In fact, the current institutions, despite their professed purpose, have proved so ineffective to preparing students to deal with uncertainties of modern life that there is increasing talk of wanting new forms of institutions. In the context of commercial demand for 'skills', the conversation was also about discarding the current institutional structure altogether, including the academic classroom, and submerging it into the commercial world, with 'employers' defining and dictating the learning process. The hope is, by doing so, one would achieve a rhetorical high ground and the students will be more 'employable' by mastering the employment game.
However, if we accept 'learning to learn' as a critical necessity for the constantly shifting realities of work, we better pay heed to the emotional and value-orientated side of this expertise rather than just the unity of language. The reflexivity, the key ability, the value orientation, the key anchor, and humility, the key characteristic, that enable learning to learn may all develop within the professional realm rather than within a given practice: Indeed, such abilities may arise from interrogating the practice from outside as a starting point.

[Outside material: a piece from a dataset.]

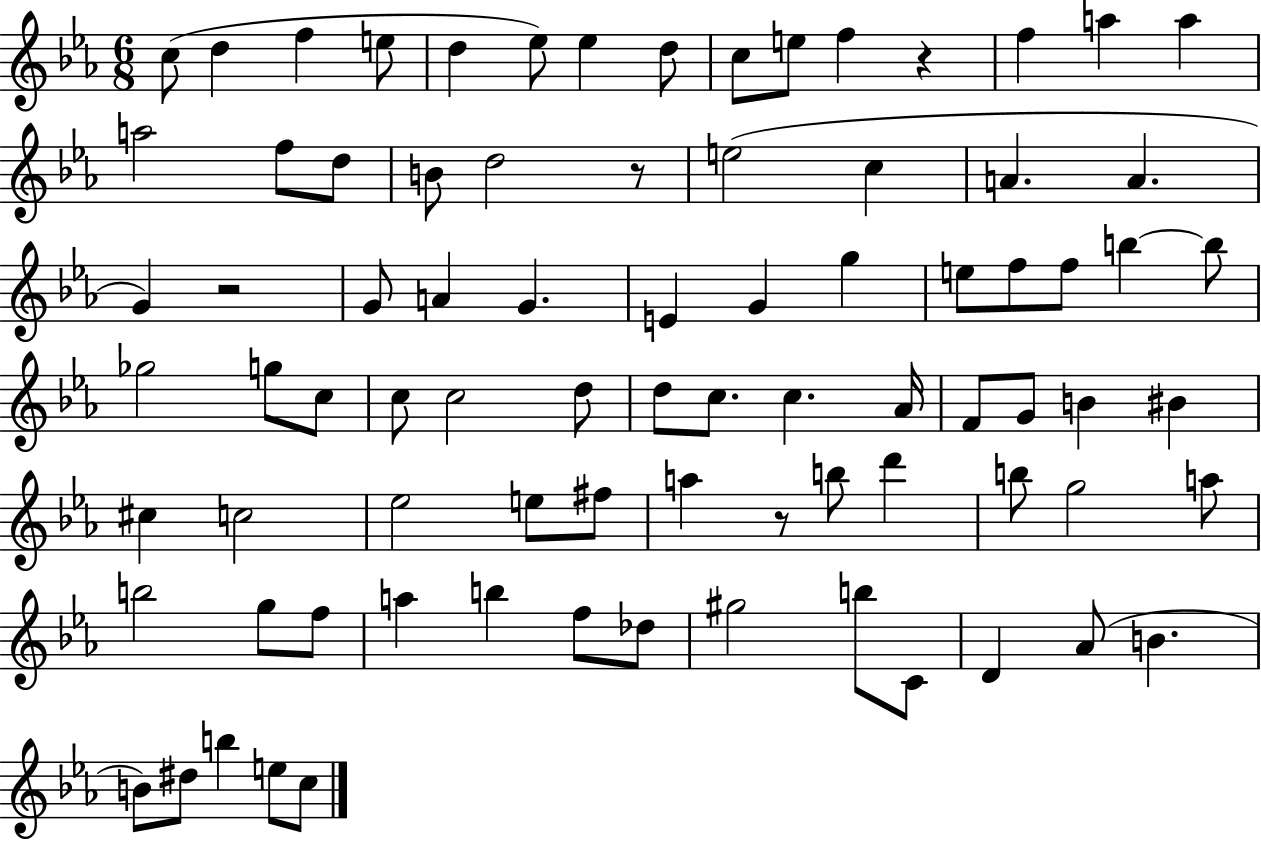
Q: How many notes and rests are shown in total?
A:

To make students ready for workplace, many institutions would send them out to internships, so that they learn the language of work. This very practical scheme often fall short to produce desired results because even immersion in practice as it exists in many organisation is unquestioning acceptance of its practices and rituals, an initiation in groupthink rather than an invitation to imagination. While an intern may learn to play the system, they are often disappointed when the system is changed.

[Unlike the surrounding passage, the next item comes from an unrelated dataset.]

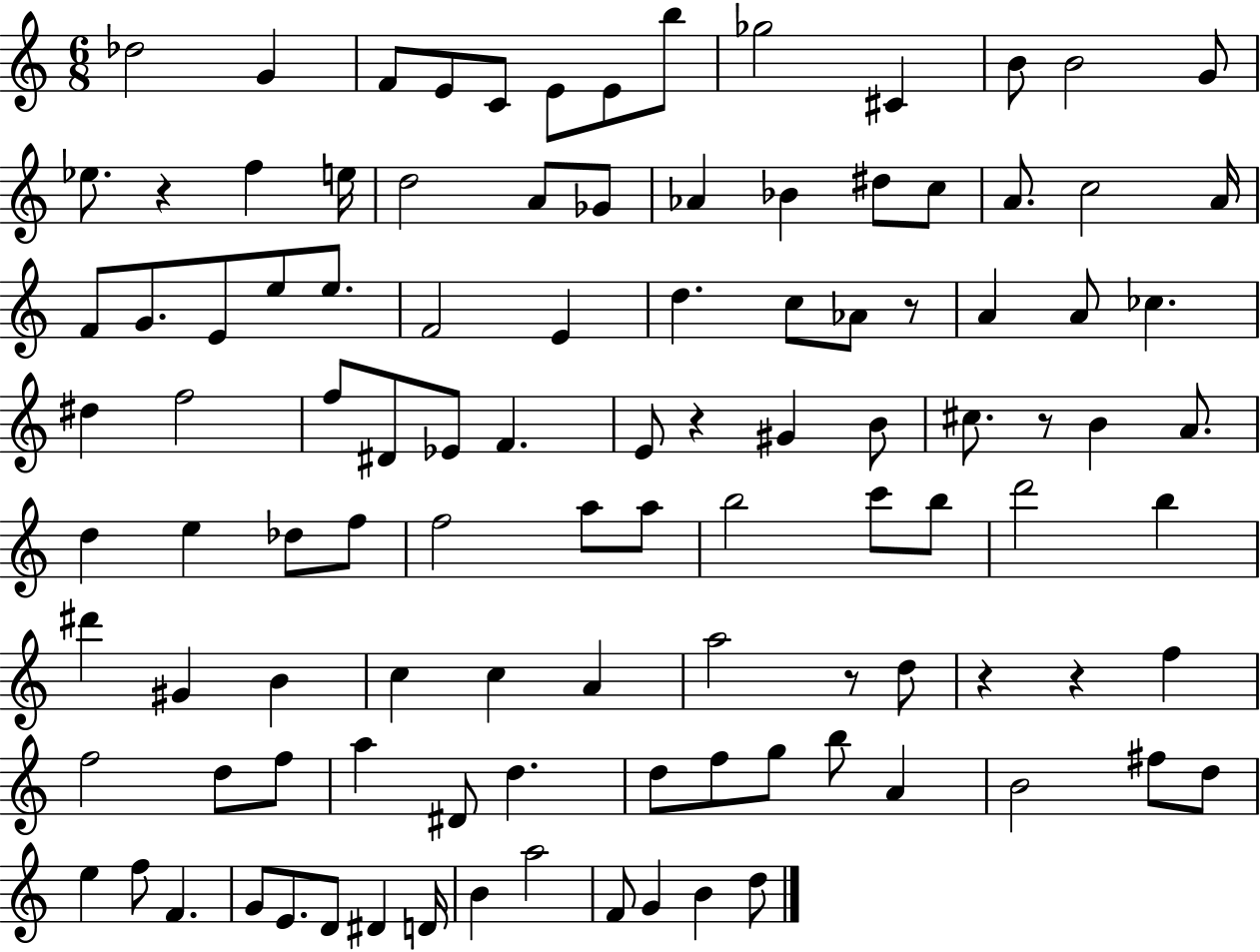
Db5/h G4/q F4/e E4/e C4/e E4/e E4/e B5/e Gb5/h C#4/q B4/e B4/h G4/e Eb5/e. R/q F5/q E5/s D5/h A4/e Gb4/e Ab4/q Bb4/q D#5/e C5/e A4/e. C5/h A4/s F4/e G4/e. E4/e E5/e E5/e. F4/h E4/q D5/q. C5/e Ab4/e R/e A4/q A4/e CES5/q. D#5/q F5/h F5/e D#4/e Eb4/e F4/q. E4/e R/q G#4/q B4/e C#5/e. R/e B4/q A4/e. D5/q E5/q Db5/e F5/e F5/h A5/e A5/e B5/h C6/e B5/e D6/h B5/q D#6/q G#4/q B4/q C5/q C5/q A4/q A5/h R/e D5/e R/q R/q F5/q F5/h D5/e F5/e A5/q D#4/e D5/q. D5/e F5/e G5/e B5/e A4/q B4/h F#5/e D5/e E5/q F5/e F4/q. G4/e E4/e. D4/e D#4/q D4/s B4/q A5/h F4/e G4/q B4/q D5/e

An alternative could be the distillation of the practice within an institutional context through an appreciation of the 'conversations' of the workplace: I have found the novel 'E' a fascinating device to make students talk about the life and the challenges in the advertising agencies, for example (or Fashion Babylon, for the budding Fashion Designers). My usage was indeed with the students poised for internships, so these devices were not substitutes but complements to the practical engagement, but essential to tease them into some philosophical engagement. The point of learning to learn is perhaps to ensure unified experience rather than splintered ones, and within the space of multilateral intellectual engagement rather than mimicry of practice.